**TASK BRIEF**
Everything from the line with "Bicycle Rear Rack" to the final line of the entries is to be set down exactly, except the pictures.

**RECORDS SHOWN**
[Start of Attachment]

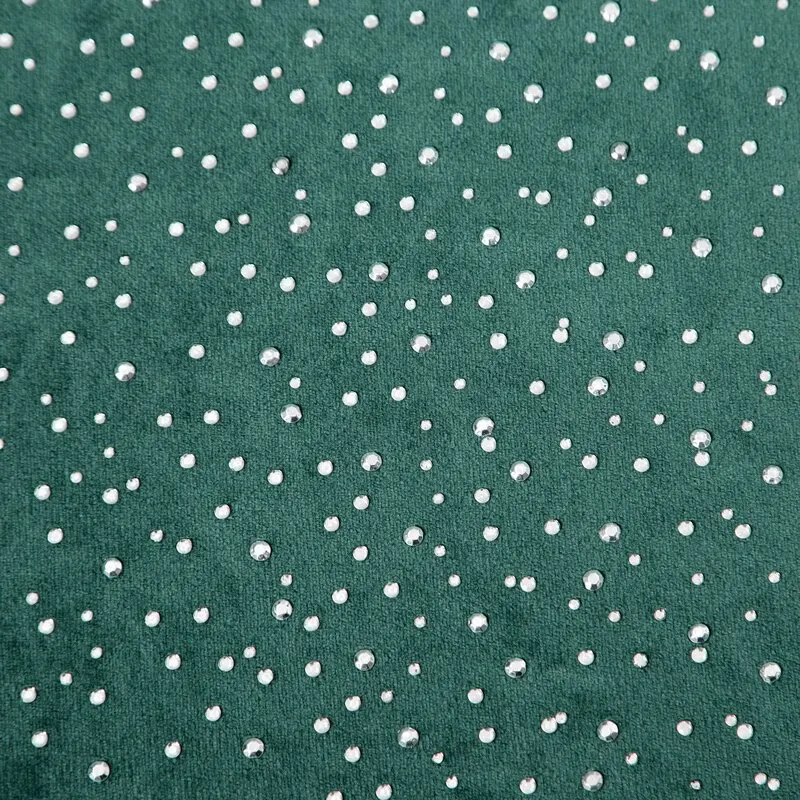 ZASŁONA AURORA NA TAŚMIE 140X270 CM TURKUSOWY - EU_367704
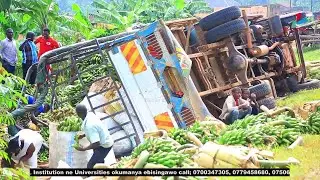 ABASUUBUZI BALAJJANA LWABUBENJE KU MASAKA ROAD
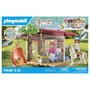 Playmobil Caseta club de equitación Horses of Waterfall 71638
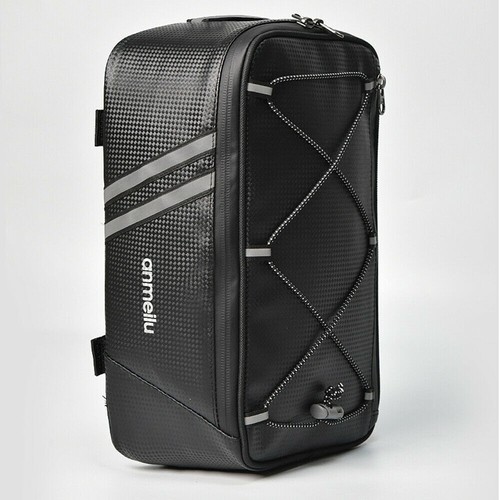 Bicycle Rear Rack Seat Bag Bike Cycling Storage Pouch Accessories Waterproof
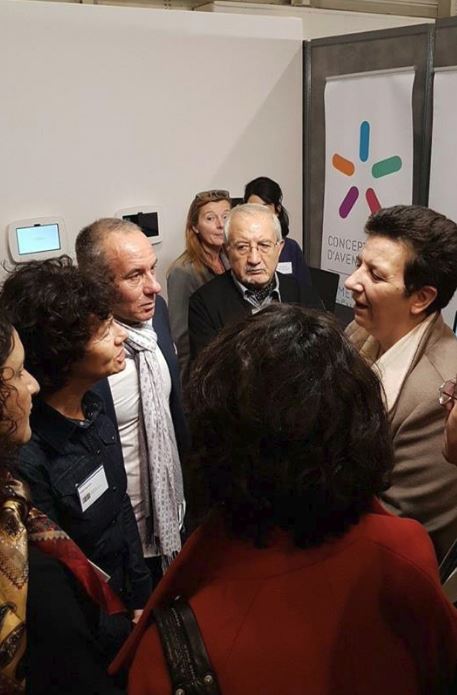 image à la une WiN PACA au salon de l&rsquo;étudiant – Metierama à Marseille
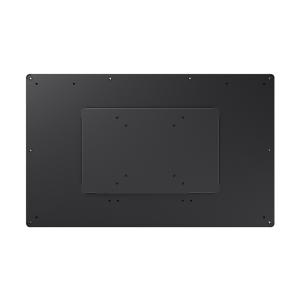 21.5 inch IP65 Capacitive Fully Enclosed Aluminum Industrial Panel PC Embedded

[End of Attachment]

**OUTPUT BELOW**
 Bicycle Rear Rack Seat Bag Bike Cycling Storage Pouch Accessories Waterproof
 image à la une WiN PACA au salon de l&rsquo;étudiant – Metierama à Marseille
 21.5 inch IP65 Capacitive Fully Enclosed Aluminum Industrial Panel PC Embedded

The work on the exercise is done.